People are often not very good at judging their own predictions. Usually this is because we forget them. Which is usually because we don’t put much thought into them. Opinions are thrown out like bread to ducks: relatively cheaply, for only shallow and temporary benefit to yourself and forgotten small doses of harm to the ducks.

We’re also unlikely to keep monitoring a player if it looks like we’re wrong about them, whereas we’ll keep track of them if it looks like we’ll be right. Unfortunately for me, it’s difficult to stop monitoring a player if you wrote numerous considered blog posts about them only a few months ago. And so here I am with Harry Maguire.

The start of this post offered some misgivings about the (at the time) proposed move to Manchester City and in more detail on the actual move to United here. I’ll draw out the most jam-packed quote of that second one here:

On the Maguire front, I do not believe that he’s a magnificent defender. He is, at worst, broadly competent. At best he is moderately good. His speed of turning is not great; he is reticent to engage with attackers (not necessarily a bad thing, but a notable stylistic quirk) and can be clumsy when doing so; he has had a surprising amount of communicative issues with Wes Morgan in his time at Leicester. He is not bad positionally. Substitute out player and team names and these could all be applied to Chris Smalling.

Don’t scoff - let’s not forget that Smalling had a period of time when he was truly lauded. Under Louis van Gaal in 2015/16, there was a stretch of a few months where his role and his form aligned and his reputation went through the roof.

I haven’t watched Smalling at Roma but he’s a regular starter and they’re fourth so he can’t be doing badly.

The ‘at worst, broadly competent; at best, moderately good’ (applying specifically and exclusively to his defending) is a little harsh. I definitely think that I underestimated how well he reads situations a little bit, and certainly didn’t appreciate how consistent his performances usually are and the value that that has.

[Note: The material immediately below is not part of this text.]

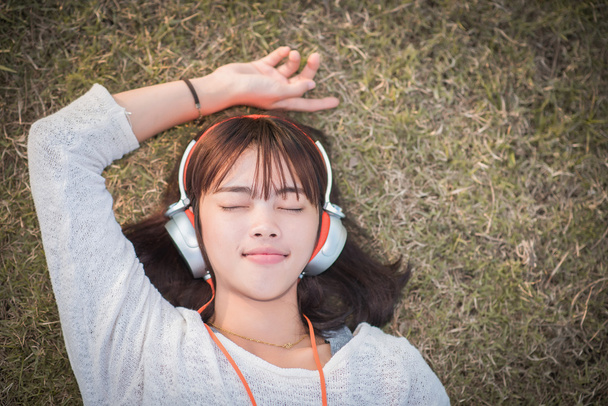 Relaxed woman listening to the music with headphones lying on th - Foto, immagini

But he was so expensive. The thing with transfers is we’ll never know what Manchester United could have done with that money had they not bought Maguire. And the thing with defenders is that it’s hard to put forward some alternative suggestions. Forwards are easy; though superficial, a search for some shot-based stats will give you some starting point ideas at least. For defenders you’ve just gotta watch them. And nobody really cares until some big transfer like this one.

Where was I.

Maguire. It looks like it’s worked out for United, and good for them. It would’ve been a disaster if it hadn’t. I think I thought that it might, but that there was a strong chance it wouldn’t. I think I was probably wrong, but only marginally. It might have been more accurate to have said that it might work, but there was a medium chance that it wouldn’t (compared to the sum of money he was bought for).

I was also, for the record, probably wrong about how well Virgil van Dijk would do at Liverpool. I thought he’d be more caught out if he had to play high up the pitch; didn’t know how valuable his organisational and general leadership qualities were; underestimated his distribution to an extent. (I was, though, right about my very oldest take, that Dejan Lovren was just fine for Liverpool back when they first bought him and they weren’t the club they are now, and that the Croatian was a decent first-choice centre-back for a 3rd/4th-place Premier League club; now that Liverpool are better than that, they’ve outgrown him, and I’m at peace with that).

That’s a 1/3 record for the centre-back opinions I can remember thinking most deeply about, although the two misses weren’t big ones. I have no idea if that’s a good record. But I am all out of bread, and don’t much like ducks anyway.